[HN Gopher] A few ops lessons we all learn the hard way (2020)
___________________________________________________________________
A few ops lessons we all learn the hard way (2020)
Author : Tomte
Score : 129 points
Date : 2022-08-22 12:55 UTC (10 hours ago)
(HTM) web link (www.netmeister.org)
(TXT) w3m dump (www.netmeister.org)
| encoderer wrote:
| Absence of a signal is itself a signal.
|
| I've built a business around this one!
| bravetraveler wrote:
| Quite interesting but I don't really understand the framing with
| self-signed certs
|
| It can and (often does) go poorly, but the only thing you really
| gain from an external CA is a [minor] reduction in responsibility
| number6 wrote:
| Ok lets spin up the ca and create a cert for this service.
| Validity 15 years.
|
| <15 years later>
|
| Why did this thingy break? How do I get a new cert? CA was on a
| Virtul Machine? The old server? What is ESXi? Ok we will just
| spin up this docker container, create a new cert and make it
| last 20 years...
| bombcar wrote:
| This is the main reason let's encrypt gives you three month
| certs - so you setup a way of automating it.
|
| It's not too hard but I wish it could be even easier. The
| best I've found is a main system that gets the wildcard cert
| and then transfers that around where needed.
| bravetraveler wrote:
| I'm not doubting it can be done poorly
|
| I'm just curious why an org would do that when they have a
| domain controller/login infrastructure providing a CA, or one
| of the many secret-storing-engines backing the vast majority
| of their sensitive data (eg: Vault)?
|
| Policies can be defined and enforced to serve as guard rails
| -- we choose the nightmares we accept
| zaphar wrote:
| Ahhh, yes I see where you got lost.
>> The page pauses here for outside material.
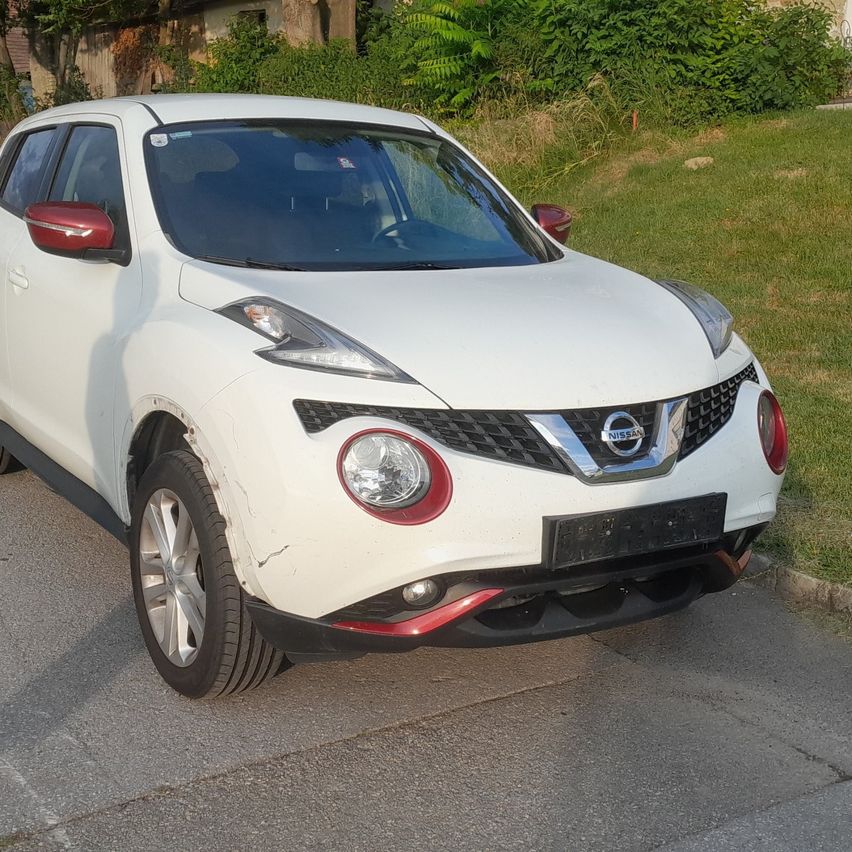 A white Nissan Juke is parked on the side of a road. It has red trims and a black bumper.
You are assuming that
| they either:
|
| * Have a team willing to commit to managing CAs as part of
| the DC/Login infrastructure.
|
| or
|
| * Are actually using something like Vault in their
| infrastructure.
|
| Common mistake, really.
|
| In all seriousness you would be amazed how many places
| neither of those things are true for, and additionally how
| much sheer effort it would take to make them true at those
| orgs.
| 0xbadcafebee wrote:
| If you have a team that manages a domain, it will take a
| month to get anything done with them, if they even allow
| you to get what you need done. If there is a way to make
| it easier, they aren't interested.
| bravetraveler wrote:
| Instead we get to deal with finance for two months to
| order from a public CA!
|
| Before anyone says it, yes we know about LetsEncrypt, and
| no we cannot use it
| bravetraveler wrote:
| Indeed, I am a bit spoiled... I neglected smaller shops
| where 'not enough people' rings even more true.
|
| Where I'm at, we have tons and tons of people, enough to
| dedicate (and form) teams for things. It admittedly skews
| my view quite a bit. Here... we don't have enough
| _capable_ people.
|
| I'm also a bit sour at the alternatives. We have certain
| (publicly visible) certificates that must go through a
| CA. That's an absolutely painful process that requires
| about six levels of finance approval -- every year!
| pid-1 wrote:
| > The source you're looking at is not the code running in
| production.
|
| My first boss favorite words were: check check check check check.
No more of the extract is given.